Give the number of lines in this listing that hold "Party". No other words belong in the reply.

*** Opening EXCERPTED DATA ***

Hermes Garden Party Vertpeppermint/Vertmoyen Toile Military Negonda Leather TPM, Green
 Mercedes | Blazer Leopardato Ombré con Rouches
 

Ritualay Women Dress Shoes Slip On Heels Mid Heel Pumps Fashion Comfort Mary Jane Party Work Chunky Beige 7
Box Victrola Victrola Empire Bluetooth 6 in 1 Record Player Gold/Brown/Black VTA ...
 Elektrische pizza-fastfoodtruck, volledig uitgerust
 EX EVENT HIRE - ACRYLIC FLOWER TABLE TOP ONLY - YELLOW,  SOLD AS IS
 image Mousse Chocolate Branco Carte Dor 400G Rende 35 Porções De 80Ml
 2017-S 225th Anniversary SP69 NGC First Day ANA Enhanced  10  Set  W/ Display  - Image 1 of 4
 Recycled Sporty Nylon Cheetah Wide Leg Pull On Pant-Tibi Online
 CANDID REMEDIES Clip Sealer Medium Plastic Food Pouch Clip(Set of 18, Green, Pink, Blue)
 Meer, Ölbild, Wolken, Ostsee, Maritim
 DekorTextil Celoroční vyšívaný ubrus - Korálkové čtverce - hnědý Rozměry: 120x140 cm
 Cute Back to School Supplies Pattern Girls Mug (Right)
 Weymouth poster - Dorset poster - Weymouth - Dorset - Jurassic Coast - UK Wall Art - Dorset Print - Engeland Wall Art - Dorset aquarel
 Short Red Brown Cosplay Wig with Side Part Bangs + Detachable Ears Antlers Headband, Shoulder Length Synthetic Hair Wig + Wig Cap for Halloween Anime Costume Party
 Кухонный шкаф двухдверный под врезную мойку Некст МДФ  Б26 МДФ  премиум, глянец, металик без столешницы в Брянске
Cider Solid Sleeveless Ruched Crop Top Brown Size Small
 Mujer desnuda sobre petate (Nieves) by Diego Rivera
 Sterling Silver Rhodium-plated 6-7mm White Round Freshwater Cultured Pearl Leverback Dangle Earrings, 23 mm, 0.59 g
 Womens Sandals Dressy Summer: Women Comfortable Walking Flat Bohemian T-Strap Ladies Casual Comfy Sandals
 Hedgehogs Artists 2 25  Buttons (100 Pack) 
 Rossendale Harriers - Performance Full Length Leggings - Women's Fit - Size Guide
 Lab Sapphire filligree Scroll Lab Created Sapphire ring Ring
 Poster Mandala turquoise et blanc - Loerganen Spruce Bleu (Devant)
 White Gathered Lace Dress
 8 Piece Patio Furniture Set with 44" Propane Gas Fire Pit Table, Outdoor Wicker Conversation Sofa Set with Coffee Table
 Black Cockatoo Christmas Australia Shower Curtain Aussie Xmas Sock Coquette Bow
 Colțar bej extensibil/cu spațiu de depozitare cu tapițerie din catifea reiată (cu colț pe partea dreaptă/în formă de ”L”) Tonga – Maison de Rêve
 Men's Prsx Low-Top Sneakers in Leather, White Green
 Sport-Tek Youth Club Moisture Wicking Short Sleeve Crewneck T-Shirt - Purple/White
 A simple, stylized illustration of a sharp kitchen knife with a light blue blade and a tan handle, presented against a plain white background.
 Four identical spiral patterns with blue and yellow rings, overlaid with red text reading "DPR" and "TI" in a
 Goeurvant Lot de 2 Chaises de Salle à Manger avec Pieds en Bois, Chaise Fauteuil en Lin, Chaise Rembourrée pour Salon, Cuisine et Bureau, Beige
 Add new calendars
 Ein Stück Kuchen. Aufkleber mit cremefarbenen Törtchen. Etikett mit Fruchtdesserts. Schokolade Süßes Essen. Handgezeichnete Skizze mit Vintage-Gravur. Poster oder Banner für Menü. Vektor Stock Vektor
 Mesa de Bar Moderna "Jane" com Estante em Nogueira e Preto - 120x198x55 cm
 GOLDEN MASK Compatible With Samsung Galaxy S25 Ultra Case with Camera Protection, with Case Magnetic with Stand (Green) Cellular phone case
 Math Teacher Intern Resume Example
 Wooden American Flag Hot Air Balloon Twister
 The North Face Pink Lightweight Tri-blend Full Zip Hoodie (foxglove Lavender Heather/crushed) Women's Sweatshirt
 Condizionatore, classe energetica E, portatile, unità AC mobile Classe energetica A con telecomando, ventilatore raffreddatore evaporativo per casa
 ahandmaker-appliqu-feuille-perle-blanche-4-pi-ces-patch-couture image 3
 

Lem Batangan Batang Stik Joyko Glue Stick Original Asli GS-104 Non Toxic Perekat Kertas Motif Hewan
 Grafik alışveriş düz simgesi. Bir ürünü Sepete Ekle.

*** Closing EXCERPTED DATA ***

ANSWER AREA | 3